▼▼▼

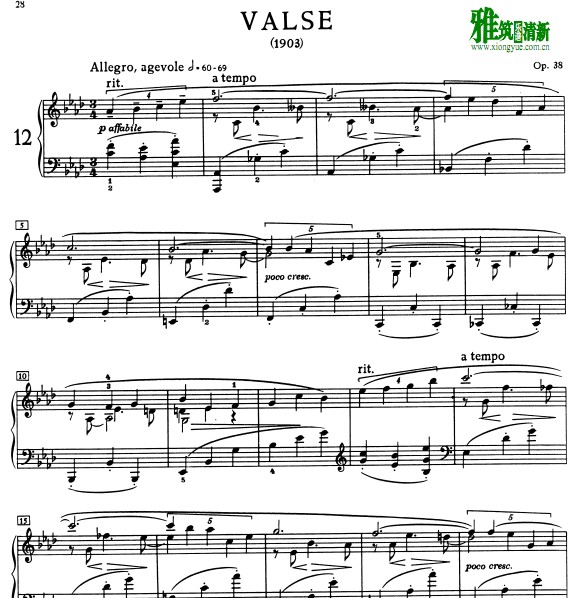 Valse in A-Flat Major  Op. 38钢琴谱 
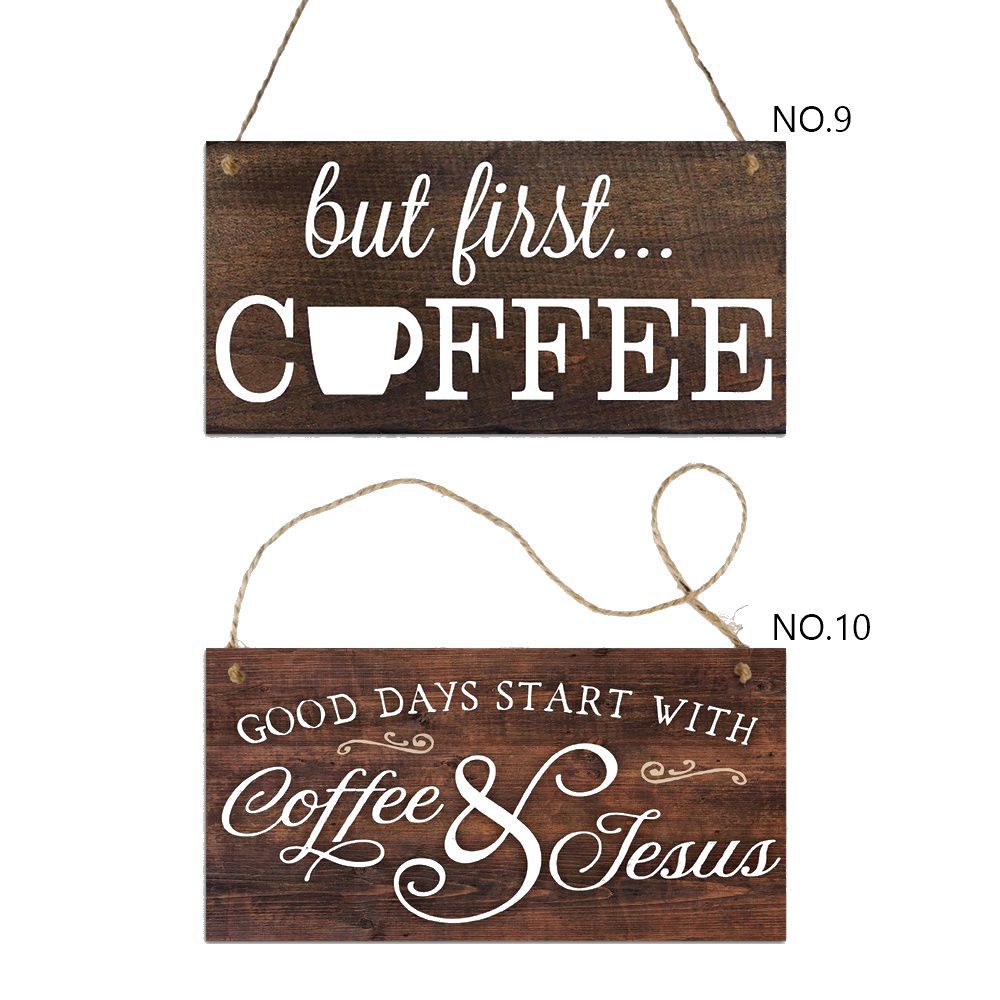 Coffee Wooden Hanging Signs Decorative Plaques Door Wooden Plaque In Home Decor Cafe Kitchen Hanging Home Decor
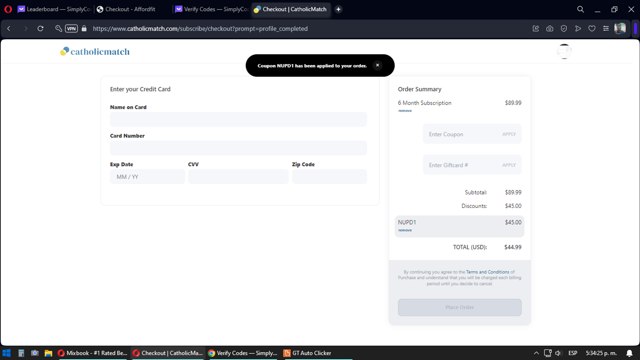 Catholic Match checkout page showing Catholic Match discount code box | Screenshot taken by SimplyCodes community member on Nov 21, 2023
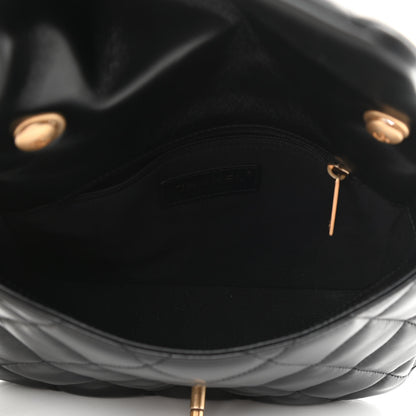 Chanel Lambskin Quilted Small Lacquered Chain Flap Black 5 of 10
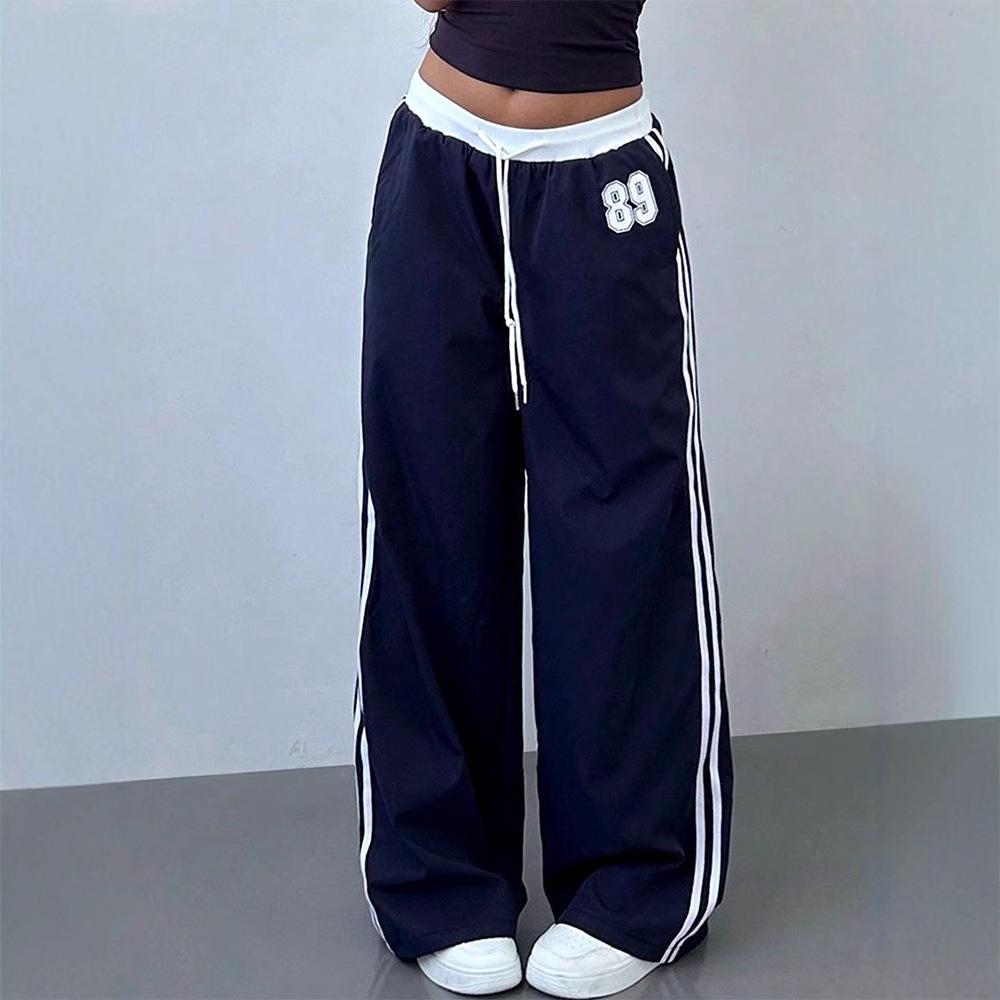 

High Waist Striped Wide-Leg Sweatpants Medium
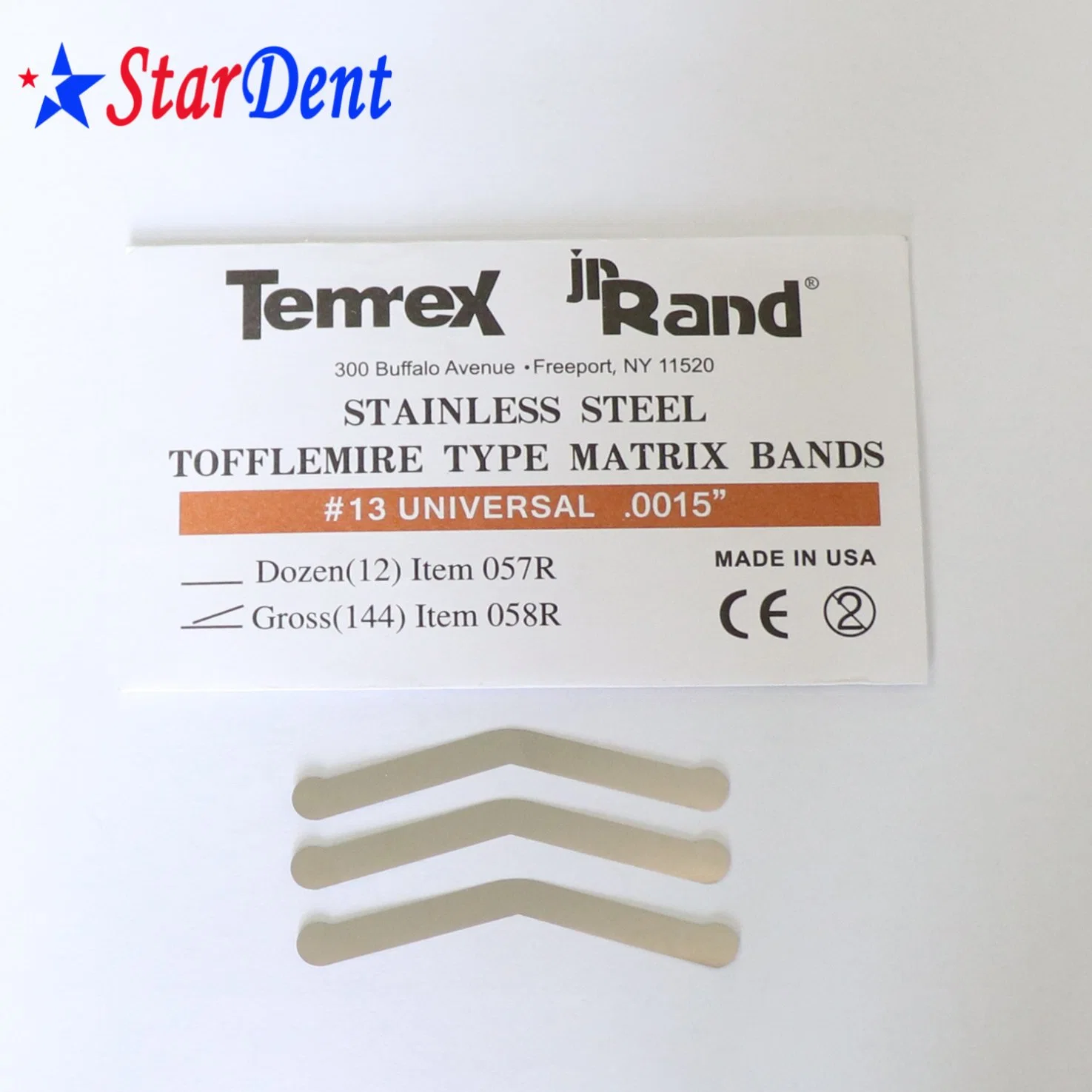 Dental Steel Matrix J Bands de l'équipement de diagnostic chirurgical médical de laboratoire médical de clinique d'hôpital dentaire.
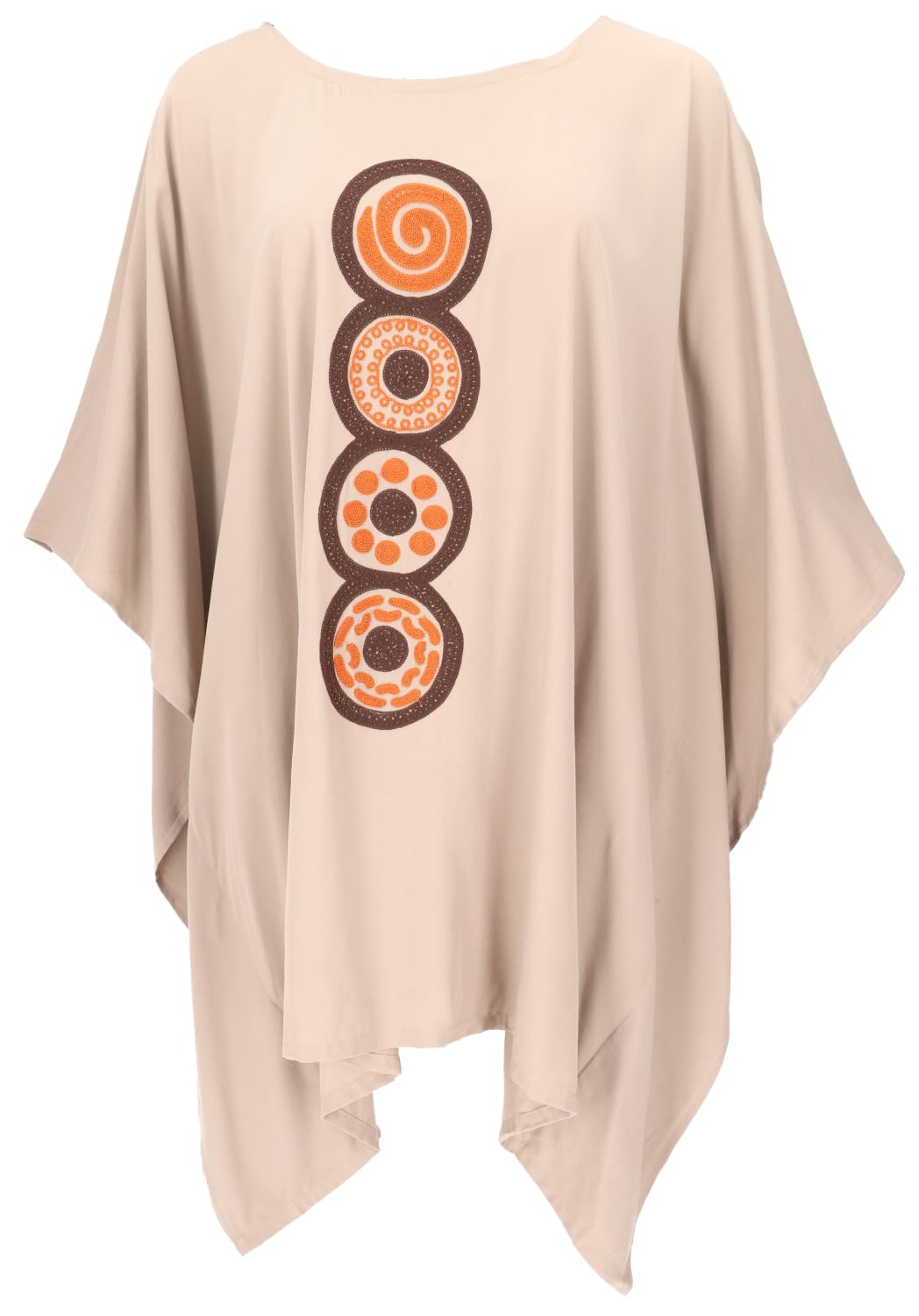 GURU SHOP Haftowana sukienka hipisowska ponczo, minisowska tunika, kaftan, sukienka plażowa, rozmiar maxi, damska, szara, syntetyczna, rozmiar: jeden rozmiar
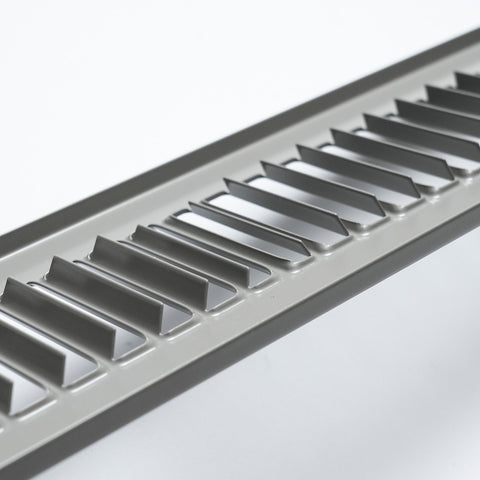4"x12" Gray Toe Kick Vent Cover, Cabinet Toe Space HVAC Register Grille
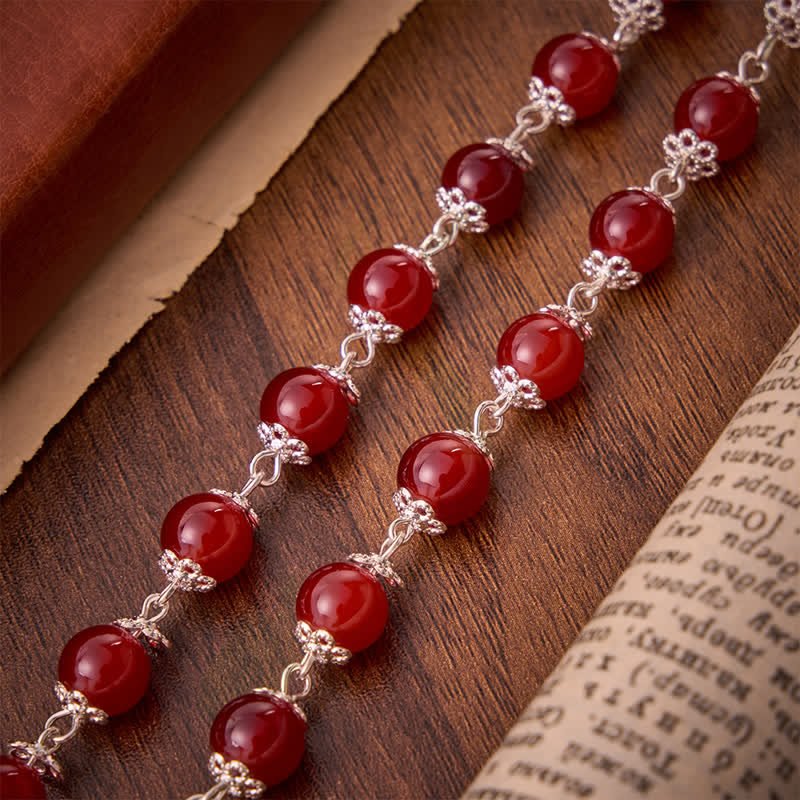 Christianartworkshop Glossy Red Glass Bead Rosary with Jerusalem Cross: Emblem of Noble Heavenly Redemption - image 6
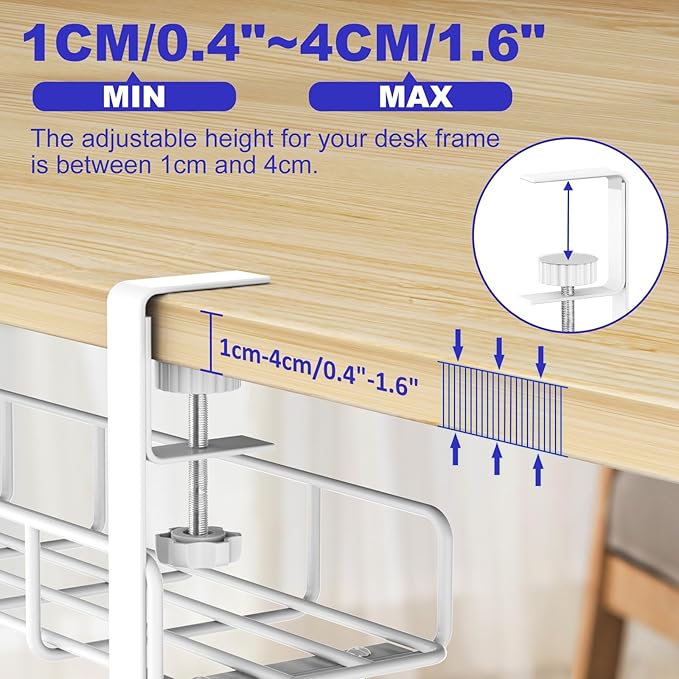 15.7” Under Desk Cable Management Tray, No Drill Steel Cable Tray Organizers, Wire Management Tray Cable Rack with Clamp Mount, Metal Under Desk Tray with Wire and Cord Organizer (White, 1 Pack)
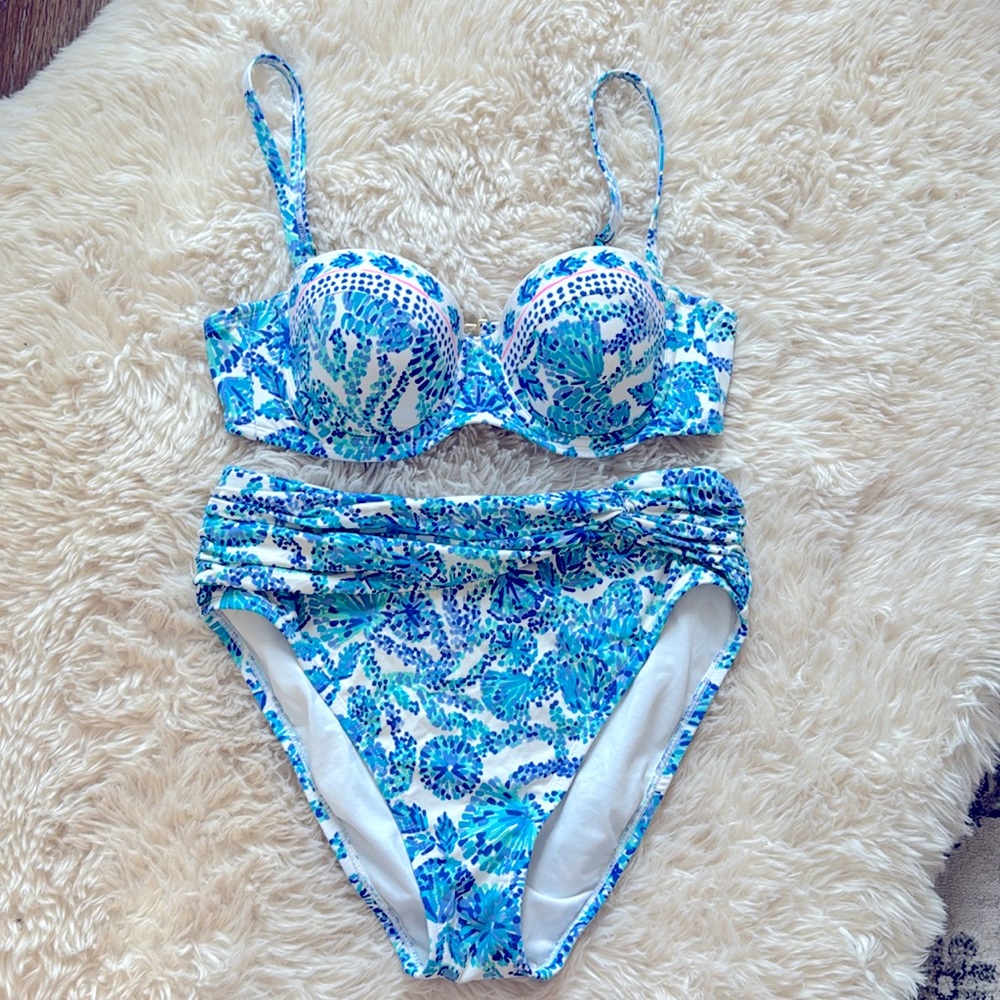 Lilly Pulitzer Turquoise Oasis Bikini Set size 4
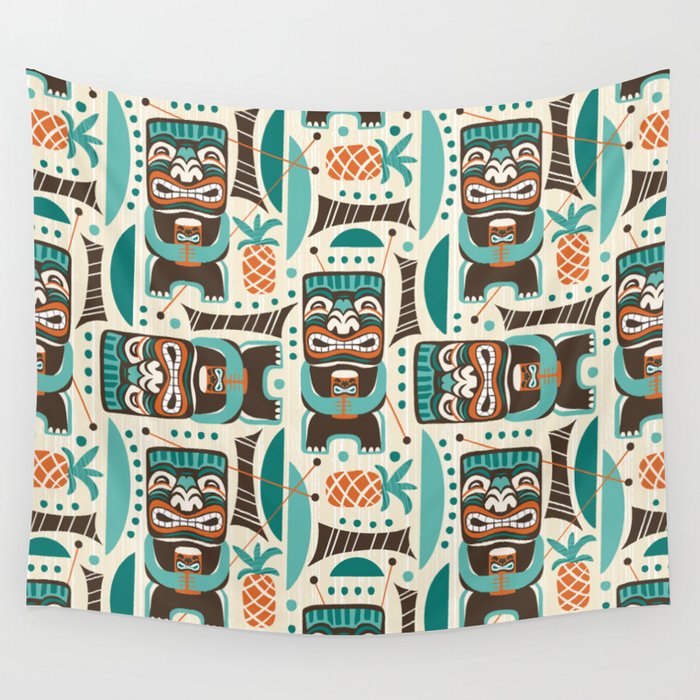 Tiki Hut Cream Aqua Wall Tapestry Gallery Image 4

▲▲▲

- Problem to solve
Quote in full the listing given above; the images are to be left out.

- Written response
 Valse in A-Flat Major  Op. 38钢琴谱 
 Coffee Wooden Hanging Signs Decorative Plaques Door Wooden Plaque In Home Decor Cafe Kitchen Hanging Home Decor
 Catholic Match checkout page showing Catholic Match discount code box | Screenshot taken by SimplyCodes community member on Nov 21, 2023
 Chanel Lambskin Quilted Small Lacquered Chain Flap Black 5 of 10

High Waist Striped Wide-Leg Sweatpants Medium
 Dental Steel Matrix J Bands de l'équipement de diagnostic chirurgical médical de laboratoire médical de clinique d'hôpital dentaire.
 GURU SHOP Haftowana sukienka hipisowska ponczo, minisowska tunika, kaftan, sukienka plażowa, rozmiar maxi, damska, szara, syntetyczna, rozmiar: jeden rozmiar
4"x12" Gray Toe Kick Vent Cover, Cabinet Toe Space HVAC Register Grille
 Christianartworkshop Glossy Red Glass Bead Rosary with Jerusalem Cross: Emblem of Noble Heavenly Redemption - image 6
 15.7” Under Desk Cable Management Tray, No Drill Steel Cable Tray Organizers, Wire Management Tray Cable Rack with Clamp Mount, Metal Under Desk Tray with Wire and Cord Organizer (White, 1 Pack)
 Lilly Pulitzer Turquoise Oasis Bikini Set size 4
 Tiki Hut Cream Aqua Wall Tapestry Gallery Image 4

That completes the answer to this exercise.